To resolve the early events of molar morphogenesis, we used confocal fluorescence whole-mount live tissue imaging to elucidate the cellular and molecular dynamics of signaling centers and how they shape the tooth bud. We show that an IK signaling center is established in the molar placode and remains an integral functional part of the developing bud. The molar IK arises by the juxtaposition of cells with high canonical Wnt activity to Shh-expressing G1/G0-phase cells. Early molar growth is dependent on the IK signaling center and interference in the function of this signaling center, either mechanically, by laser ablation, or with specific modulators of relevant signaling pathways, abrogates bud proliferative growth and progression of tooth development. The IK positions the tooth in the growing mandible and is silenced by apoptosis as the pEK arises independently to drive further growth of the bud. Thus, the cellular and molecular dynamics of the IK signaling center control tooth development earlier than was previously thought.
A molar initiation knot is established in the placode and early bud in G1/G0 cells expressing signaling center markers
Cell cycle exit is an early hallmark of ectodermal placodes (Ahtiainen et al., 2014, 2016). The Fucci fluorescent cell cycle reporter system allows direct real-time follow-up of the progress of the cell cycle in individual cells in the developing tissue: when the cell is in G1/G0 phase, the nucleus emits red fluorescence; upon transition to S/G2/M proliferative phase, the cell nucleus emits green fluorescence. We used confocal fluorescence microscopy of whole-mount mandibles of the Fucci cell cycle indicator transgenic mouse to characterize G1/G0 cell distribution in the developing molar. Transgenic ShhGFP/+ (Harfe et al., 2004) expression was used to identify signaling centers from E11.5 to E13.5, and EpCam immunofluorescence staining was used to visualize the epithelium.
At E11.5, G1/G0 phase cells were distributed throughout the dental lamina (Fig. 1A).

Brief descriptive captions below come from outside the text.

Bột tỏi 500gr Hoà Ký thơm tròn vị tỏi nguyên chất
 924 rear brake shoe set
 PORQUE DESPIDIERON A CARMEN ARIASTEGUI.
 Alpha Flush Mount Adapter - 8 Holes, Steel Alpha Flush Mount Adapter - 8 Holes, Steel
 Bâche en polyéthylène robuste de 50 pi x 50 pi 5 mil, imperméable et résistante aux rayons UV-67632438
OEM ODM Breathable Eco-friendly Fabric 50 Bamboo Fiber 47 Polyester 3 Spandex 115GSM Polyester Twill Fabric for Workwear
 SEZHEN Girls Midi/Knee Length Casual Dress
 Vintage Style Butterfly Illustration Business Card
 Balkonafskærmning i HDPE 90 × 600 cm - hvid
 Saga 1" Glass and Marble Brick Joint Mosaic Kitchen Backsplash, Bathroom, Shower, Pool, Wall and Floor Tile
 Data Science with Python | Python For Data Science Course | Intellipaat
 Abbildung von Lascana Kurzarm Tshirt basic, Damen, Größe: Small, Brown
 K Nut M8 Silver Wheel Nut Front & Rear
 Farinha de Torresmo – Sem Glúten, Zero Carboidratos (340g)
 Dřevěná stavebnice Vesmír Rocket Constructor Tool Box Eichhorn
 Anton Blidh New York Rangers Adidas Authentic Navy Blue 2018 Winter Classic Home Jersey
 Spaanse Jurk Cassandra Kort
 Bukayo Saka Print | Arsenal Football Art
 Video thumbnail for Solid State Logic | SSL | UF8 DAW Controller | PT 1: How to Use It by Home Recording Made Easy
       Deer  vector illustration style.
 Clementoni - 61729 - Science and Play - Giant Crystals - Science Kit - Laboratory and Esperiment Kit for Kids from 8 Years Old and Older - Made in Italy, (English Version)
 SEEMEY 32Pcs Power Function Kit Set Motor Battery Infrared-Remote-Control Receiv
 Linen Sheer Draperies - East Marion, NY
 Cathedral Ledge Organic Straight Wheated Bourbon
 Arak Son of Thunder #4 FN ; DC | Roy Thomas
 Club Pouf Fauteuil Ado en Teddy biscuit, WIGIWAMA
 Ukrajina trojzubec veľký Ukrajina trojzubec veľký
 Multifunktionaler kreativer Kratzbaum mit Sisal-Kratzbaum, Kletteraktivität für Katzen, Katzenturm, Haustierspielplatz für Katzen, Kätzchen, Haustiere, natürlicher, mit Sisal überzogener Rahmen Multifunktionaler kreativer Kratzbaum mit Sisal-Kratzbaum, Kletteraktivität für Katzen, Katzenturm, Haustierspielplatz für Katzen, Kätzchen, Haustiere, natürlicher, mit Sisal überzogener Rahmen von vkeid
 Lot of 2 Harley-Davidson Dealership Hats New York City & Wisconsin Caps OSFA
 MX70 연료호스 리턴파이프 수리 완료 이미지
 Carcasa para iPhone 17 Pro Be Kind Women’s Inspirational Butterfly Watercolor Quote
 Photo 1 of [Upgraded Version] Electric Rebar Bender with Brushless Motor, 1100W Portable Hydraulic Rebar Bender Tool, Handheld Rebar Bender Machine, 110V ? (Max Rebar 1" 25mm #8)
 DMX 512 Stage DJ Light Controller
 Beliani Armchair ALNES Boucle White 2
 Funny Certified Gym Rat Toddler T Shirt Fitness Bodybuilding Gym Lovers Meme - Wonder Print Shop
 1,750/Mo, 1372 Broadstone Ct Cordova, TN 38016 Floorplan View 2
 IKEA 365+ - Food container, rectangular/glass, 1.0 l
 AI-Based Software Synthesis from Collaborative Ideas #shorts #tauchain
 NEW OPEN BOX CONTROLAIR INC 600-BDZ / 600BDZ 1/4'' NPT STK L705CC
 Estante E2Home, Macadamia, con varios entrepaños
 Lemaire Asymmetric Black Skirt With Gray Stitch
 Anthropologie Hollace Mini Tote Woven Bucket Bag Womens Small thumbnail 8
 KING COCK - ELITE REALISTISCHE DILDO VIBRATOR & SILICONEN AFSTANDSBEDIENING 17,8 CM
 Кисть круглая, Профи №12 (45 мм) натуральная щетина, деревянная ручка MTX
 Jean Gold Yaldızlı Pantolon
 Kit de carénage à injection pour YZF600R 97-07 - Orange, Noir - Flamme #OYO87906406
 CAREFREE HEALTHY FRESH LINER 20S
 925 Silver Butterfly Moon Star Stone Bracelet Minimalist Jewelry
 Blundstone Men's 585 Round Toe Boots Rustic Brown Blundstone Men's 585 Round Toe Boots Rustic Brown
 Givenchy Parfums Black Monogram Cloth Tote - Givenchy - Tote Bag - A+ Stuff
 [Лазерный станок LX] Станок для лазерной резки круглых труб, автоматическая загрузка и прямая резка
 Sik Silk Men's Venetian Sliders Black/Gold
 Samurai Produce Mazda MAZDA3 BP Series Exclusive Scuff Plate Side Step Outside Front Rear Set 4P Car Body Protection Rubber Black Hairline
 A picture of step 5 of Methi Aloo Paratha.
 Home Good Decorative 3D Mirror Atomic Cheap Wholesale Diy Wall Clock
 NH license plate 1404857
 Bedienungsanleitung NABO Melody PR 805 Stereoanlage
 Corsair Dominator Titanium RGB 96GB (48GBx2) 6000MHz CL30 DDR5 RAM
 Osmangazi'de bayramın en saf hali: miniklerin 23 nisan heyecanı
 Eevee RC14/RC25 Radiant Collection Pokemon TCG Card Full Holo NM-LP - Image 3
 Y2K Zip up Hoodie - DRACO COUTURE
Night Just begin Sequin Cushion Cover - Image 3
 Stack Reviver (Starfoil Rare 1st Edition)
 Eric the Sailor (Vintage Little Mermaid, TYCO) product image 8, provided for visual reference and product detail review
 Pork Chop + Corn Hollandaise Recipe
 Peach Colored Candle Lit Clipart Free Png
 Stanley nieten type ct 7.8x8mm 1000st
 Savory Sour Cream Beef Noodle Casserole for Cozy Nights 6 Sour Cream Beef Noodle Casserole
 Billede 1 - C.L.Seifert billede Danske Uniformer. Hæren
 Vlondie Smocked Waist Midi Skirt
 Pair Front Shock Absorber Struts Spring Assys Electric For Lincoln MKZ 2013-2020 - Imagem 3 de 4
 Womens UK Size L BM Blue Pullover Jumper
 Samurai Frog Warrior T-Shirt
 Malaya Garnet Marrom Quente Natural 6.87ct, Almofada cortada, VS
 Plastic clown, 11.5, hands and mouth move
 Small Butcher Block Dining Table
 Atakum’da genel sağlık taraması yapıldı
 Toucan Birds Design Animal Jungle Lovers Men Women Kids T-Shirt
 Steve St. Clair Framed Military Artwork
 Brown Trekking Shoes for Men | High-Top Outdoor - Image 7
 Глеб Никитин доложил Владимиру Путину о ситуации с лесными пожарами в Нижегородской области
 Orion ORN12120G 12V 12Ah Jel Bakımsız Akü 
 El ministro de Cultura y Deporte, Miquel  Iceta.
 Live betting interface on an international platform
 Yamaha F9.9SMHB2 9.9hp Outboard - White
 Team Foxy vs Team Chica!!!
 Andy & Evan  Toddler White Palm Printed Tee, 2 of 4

By E12.5, the G1/G0 cells were located mesially in the mature placode/early bud. At E13.0, the G1/G0 focus remained in the mesiolingual part of the bud, close to epithelial surface, and a new focus of G1/G0 cells appeared distally deep in the invaginating bud, in the presumptive pEK area. By E13.5, the early G1/G0 focus was lost, with only a few cells remaining (Fig. 1A). In parallel, G1/G0 cells corresponding to the pEK area emerged.
The ShhGFP and Fucci G1/G0 reporters could not be combined because this often resulted in abnormal development of the craniofacial structures. However, the ShhGFP reporter showed expression in the same areas as the G1/G0 foci throughout morphogenesis (Fig. 1B): GFP+ cells were present throughout the placode at E11.5. At E12.5, they were located at the mesiolingual side of the early bud, close to the epithelial surface. By E13.5, the GFP signal had disappeared almost completely from the early G1/G0 focus and appeared in the presumptive pEK area. Digoxigenin (DIG) in situ hybridization with a probe specific for Shh in Fucci G1/G0 reporter mandibles showed exact colocalization of Shh with the Fucci reporter (Fig. S1A). Quantification of G1/G0 cells in different developmental stages showed a similar decrease in the G1/G0 and corresponding Shh-expressing cell number in the early focus from E12.5 to E13.5 (Fig. S1B). For further functional analyses, we verified that the bud growth and G1/G0-Shh cell distribution in ex vivo-cultured whole-mount explants were similar to those seen in vivo (Fig. S1C,D).
To further verify the signaling center identity of the Fucci G1/G0Shh-expressing cells, we used two known reporters for signaling centers: the Fgf20βGal/+ and the fluorescent canonical Wnt signaling reporter TCF/Lef:H2B-GFP mouse models. Immunofluorescence staining for β-galactosidase (βGal) in Fgf20βGal/+;Fucci G1/G0 embryos showed marker colocalization in the E11.5 early G1/G0 focus, through early bud stage (E12.5-E13.0) and in the pEK at E13.5 (Fig. S1E). The TCF/Lef:H2B-GFP reporter was detected in partially overlapping areas; however, a proportion of the G1/G0 cells remained distinct and did not show TCF/Lef:H2B-GFP reporter activity (Fig. S1F).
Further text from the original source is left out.